Now, I apologize if this is a no-brainer for some of you who’ve always used music that way, but it’s new for me, and it caused me to realize that entrainment might be thought of as more than just the adaptation of the brain to a particular frequency, but also the adaptation of the brain to a general idea, which it can then magnify, repeat, resonate with, and even amplify. And if the general trend is negative, it can be interrupted better with music than with my own best intentions. Surprising discovery, because I always valued the natural way over technology – but soon I was back to my valued silence.
So the exercise of trying out the BrainWave brain entrainment app allowed me to think about, feel, and experience, the dramatic effects of a frequency calming my mind – and a frequency threatening my mind (it seemed), two important things I’m glad to have experienced and recognized.
Second, I could also consider – in a deeply felt way – that the mind can also be entrained to an idea with just with my own mental habits – an idea we’ve all heard of in the “think positive” memes, which I’ve resented until now. Finally, I can see the wisdom, rather than only denial, in a moderate application of the advice.

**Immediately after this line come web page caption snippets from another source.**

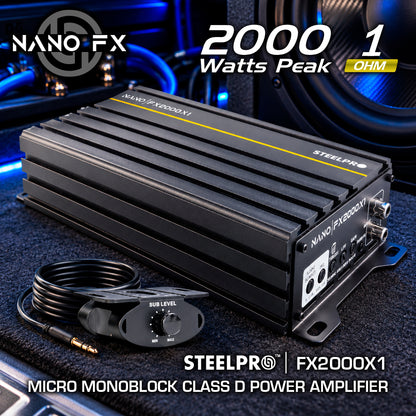 Steelpro NanoFx 2000x1 Micro Amplificador High-End Car Audio Monoblock Clase D 2000w Max 900w Rms A 1 Ohm FQ 30 - 80 Hz Eficiencia Thd menor a 0.1% Crossover Lpf Control Sub Acustico Rude Boost Estable 1 Ohm Chip IRS2092 MOSFET 4227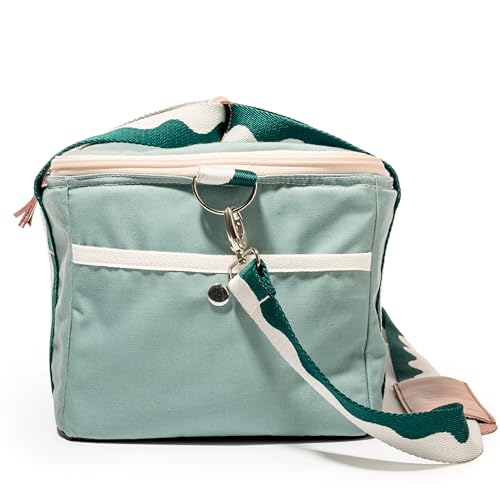 Business & Pleasure Co. Premium Cooler Bag - 14L Vintage Lunch Bag for Beach Days & Picnics - Insulated Leakproof Lining - Rivie Green - color: Rivie Green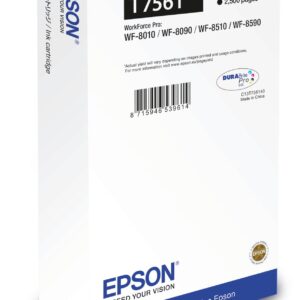 Tinteiro EPSON Preto L 2500p WF-8xxx C13T756140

For the last few weeks, I haven’t used the app, but I feel far more aware now of the state of my mind and my ability to change it with either intention or technology if I should need.
I hope this encourages readers to consider their own mental patterns, disciplines, and ways to moderate and protect their mental states. While technology may seem like a sort of dependence, it was a good awakening experience for a few days at least for me, helping me toward natural processes, with new awareness of technological and non-technological possibilities.